# Another london broil last night...



## Captain Morgan (Apr 6, 2005)

They were on sale, I bought 2, one's in the freezer.  This time, someone mentioned Dales sauce as a marinade, so I got it, and let it go overnight.
I must say, that stuff is basically soy sauce.  It didn't ruin it, but it was not the flavor I wanted.  I had Dale's years ago, and I guess there's a reason I haven't bought it since.

  Anyway, fired up the kettle with a chunk of oak, and seared both sides for a couple of minutes, then moved to indirect till temps hit 140.

  Foiled and let it rest for about an hour, then ran it through the slicer.

Had heated a pan of beef consomme to keep the slices moist and juicy till serving time, and that worked well.

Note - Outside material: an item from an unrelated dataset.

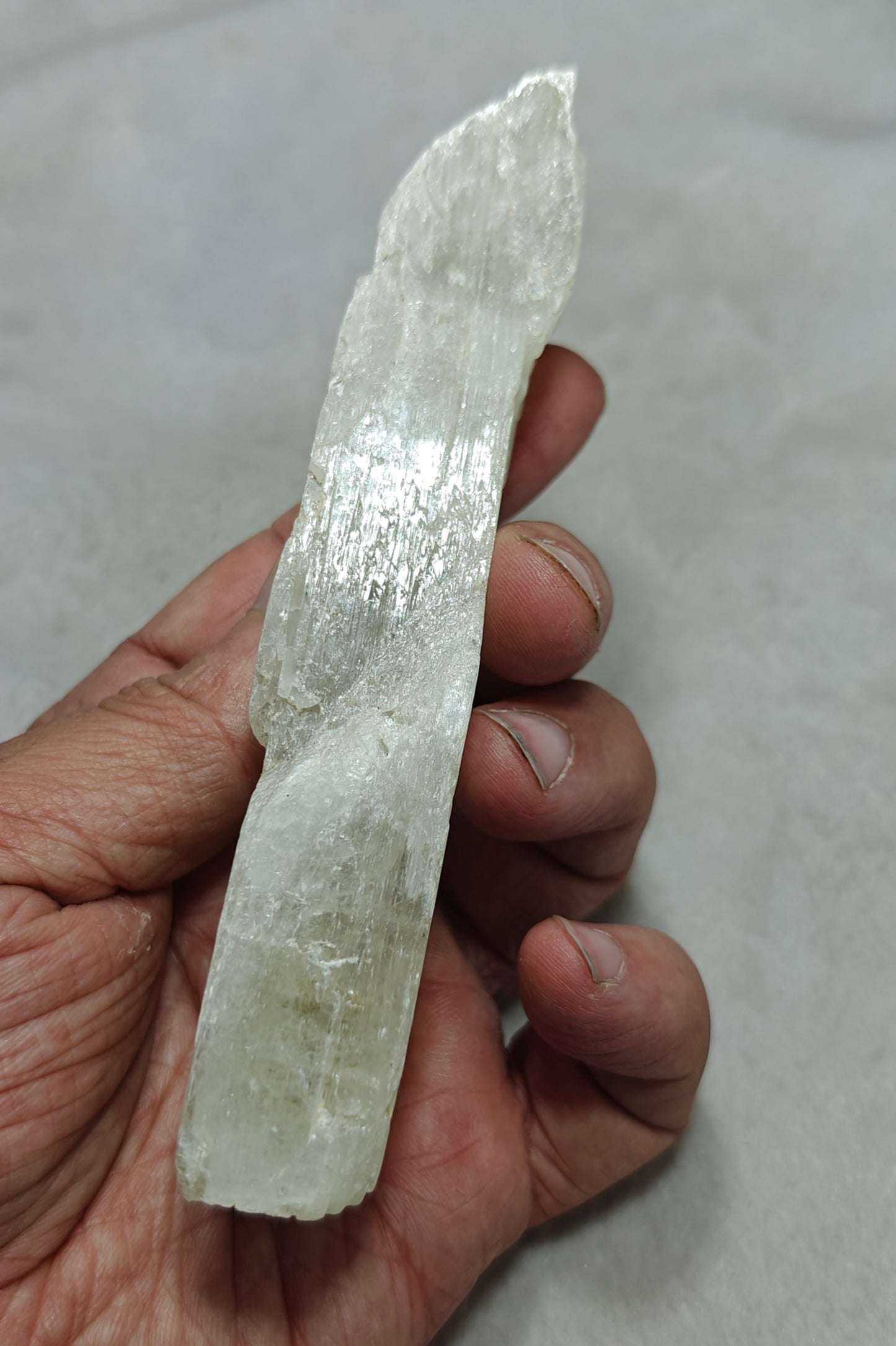 Terminated spodumene crystal 208 grams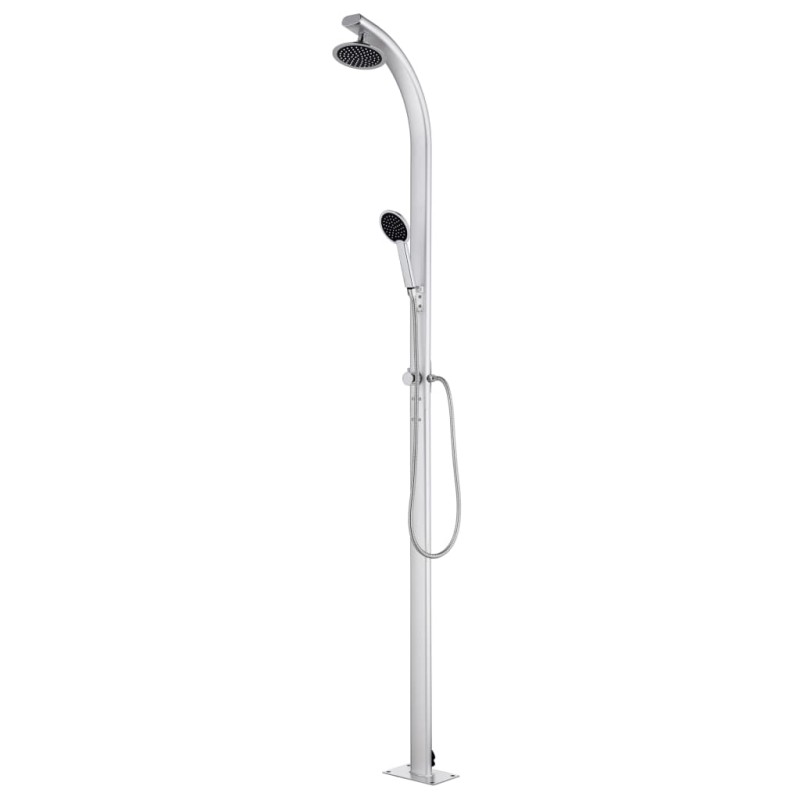 vidaXL Ducha de jardín de aluminio 215 cm vidaXL Ducha de jardín de aluminio 215 cm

  No more Dales sauce.  I can make a better marinade myself.


----------



## LarryWolfe (Apr 6, 2005)

Cappy, please tell me you had some horseradish with the LB?  I love London Broil and horsey! :-D


----------



## Captain Morgan (Apr 6, 2005)

yes indeedy!  Something about that horsey with beef!


----------



## Captain Morgan (Apr 6, 2005)

I love Allegro, but haven't done a broil with it.  I studied about it at the grocery store, but since the request was for Dale's that's what I went with.  Allegro has a much better flavor...as I stated before, the Dale's just tastes like soy sauce to me.


----------



## K Kruger (Apr 6, 2005)

What cut was it, could you tell? Round steak, top round roast, flank?


----------



## Captain Morgan (Apr 6, 2005)

Sorry, all I can tell you is it was labled london broil.  i've got one in the freezer is ya want me to go study it...


----------



## Shawn White (Apr 6, 2005)

What is this London Broil?? I'm not sure I have ever seen one in the store .... sounds like it is a slice of a round roast ... is this correct? I will have to try a couple. Thnx


----------



## K Kruger (Apr 6, 2005)

Shawn--London broil is actually a method of cooking rather than a cut. Typically flank is used, sometimes top round, sometimes bottom. You marinate well, then broil or grill to medium rare, generally, then sliced against the grain and on the bias.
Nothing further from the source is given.